En la terminología de los viejos filósofos, ellos no hablan de avaricia sino de iliberalidad, que por defecto se opone a la liberalidad= eleutheriótes= liberalitas en tanto que la prodigalidad lo sería por exceso. Hoy estos términos nos resultan ambiguos porque liberal quiere decir otra cosa diferente que ahorrativo. Y más aun, si por liberal entendemos generoso, cuando en la vida diaria vemos que los liberales se llevan toda la plata ellos. Es que la avaricia domina todo en nombre de los negocios de ahí que el avaro no tenga amigos sino solo clientes.
Es que la generosidad con el dinero, en un mundo materialista, desapareció de la faz de la tierra, a lo más que podemos aspirar hoy es al ahorrativo, que es aquel que gasta con medida. Esto ya lo barruntó el viejo Aristóteles cuando dijo: “La avaricia=filargiria es incurable pues la vejez y cualquier incapacidad hacen avaros a los hombres y es más connatural a los seres humanos que el despilfarro” (Eth.Nicomaquea 1121b 15-17 y Rhet. 1389b 27-29). Qué sea más connatural al ser humano la avaricia que la generosidad hace que todos nosotros seamos un poco avarientos (yo incluido). En mayor o menor medida hemos perdido aquella enseñanza de nuestros viejos padres criollos: sé señor de tu dinero.

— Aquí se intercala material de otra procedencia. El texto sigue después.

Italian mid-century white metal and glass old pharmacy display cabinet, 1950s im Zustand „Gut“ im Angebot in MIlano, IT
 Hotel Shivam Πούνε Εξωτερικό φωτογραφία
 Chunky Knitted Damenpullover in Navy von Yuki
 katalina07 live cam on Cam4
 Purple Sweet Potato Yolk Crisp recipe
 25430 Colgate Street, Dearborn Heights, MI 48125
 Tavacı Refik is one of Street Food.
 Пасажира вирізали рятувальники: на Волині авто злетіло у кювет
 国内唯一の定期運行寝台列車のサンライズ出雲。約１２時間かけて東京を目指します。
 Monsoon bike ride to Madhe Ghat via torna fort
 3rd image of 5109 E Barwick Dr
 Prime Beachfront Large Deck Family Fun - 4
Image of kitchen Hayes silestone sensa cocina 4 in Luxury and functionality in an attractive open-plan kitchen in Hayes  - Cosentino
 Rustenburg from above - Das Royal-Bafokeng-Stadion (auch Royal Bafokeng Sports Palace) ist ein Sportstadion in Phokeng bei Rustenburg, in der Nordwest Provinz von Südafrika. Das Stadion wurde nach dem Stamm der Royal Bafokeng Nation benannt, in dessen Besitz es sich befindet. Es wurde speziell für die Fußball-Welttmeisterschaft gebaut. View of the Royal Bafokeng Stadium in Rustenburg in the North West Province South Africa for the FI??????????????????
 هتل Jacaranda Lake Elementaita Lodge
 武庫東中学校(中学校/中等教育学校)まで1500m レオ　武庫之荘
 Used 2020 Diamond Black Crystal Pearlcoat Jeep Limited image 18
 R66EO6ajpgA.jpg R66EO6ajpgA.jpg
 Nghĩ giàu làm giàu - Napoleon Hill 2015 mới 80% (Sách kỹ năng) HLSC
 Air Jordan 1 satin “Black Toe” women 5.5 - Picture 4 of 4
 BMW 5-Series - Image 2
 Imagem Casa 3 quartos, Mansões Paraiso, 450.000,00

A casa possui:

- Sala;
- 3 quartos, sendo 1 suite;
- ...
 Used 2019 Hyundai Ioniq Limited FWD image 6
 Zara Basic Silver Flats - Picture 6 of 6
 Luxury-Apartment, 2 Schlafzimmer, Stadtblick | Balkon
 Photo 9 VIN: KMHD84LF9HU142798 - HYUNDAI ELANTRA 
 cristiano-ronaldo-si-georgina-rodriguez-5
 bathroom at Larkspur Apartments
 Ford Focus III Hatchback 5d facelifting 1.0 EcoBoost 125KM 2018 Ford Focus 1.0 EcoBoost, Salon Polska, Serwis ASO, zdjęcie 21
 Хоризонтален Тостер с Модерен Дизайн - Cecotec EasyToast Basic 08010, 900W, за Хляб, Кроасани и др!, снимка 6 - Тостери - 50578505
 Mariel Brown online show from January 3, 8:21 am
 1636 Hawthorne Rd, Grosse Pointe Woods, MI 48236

Tenemos que distinguir la avaricia de la tacañería, del italiano taccagno, que es aquel que se muestra reacio a gastar. El que busca gastar lo menos posible. El tacaño lo es con los demás, mientras que el avaro lo es, incluso, consigo mismo. El tacaño se puede dar una vida regalada, el avaro nunca. El tacaño esteriliza el dinero y lo acumula en lugar de ponerlo en movimiento. Aristóteles dice que en griego se dice kimibix/kimbilis= vendedor de comino, porque tiene gran estima por cosas insignificantes. El tacaño se queja siempre de cuánto cuestan las cosas y cuando compra algo siempre le parece caro. Piensa que gasta más de lo debido y entonces evita gastar. Teofrasto define la tacañería como ausencia de generosidad en lo que atañe al gasto y con esta definición el tacaño se acerca al mezquino, pero cuando comienza a lamentar los gastos que lo benefician a él mismo se acerca al avaro.
La otra categoría que entra en juego es la del décimo mandamiento: la codicia, un afán excesivo de riquezas y bienes ajenos, que a diferencia de la avaricia no busca atesorarlas, sino solo las quiere tener y usar en general en forma ilícita e inmoderada.
En la codicia radica la corrupción pública y privada tan de moda en nuestros días, pues es el deseo de riquezas conseguidas en forma secreta y privada para usar en forma desmedida.
La codicia y la avaricia se han convertido hoy en los valores del pensamiento liberal de Occidente. La condición humana está marcada estos dos disvalores  convertidos en valores por el pensamiento liberal dominante. Su implantación ha dado lugar a la corrupción política, consagrada por las mayorías parlamentarias.
Todo ello ha creado infinitas injusticias, cuyo efecto más terrible es el envenenar la convivencia, como sostuviera el padre Castellani, una y otra vez.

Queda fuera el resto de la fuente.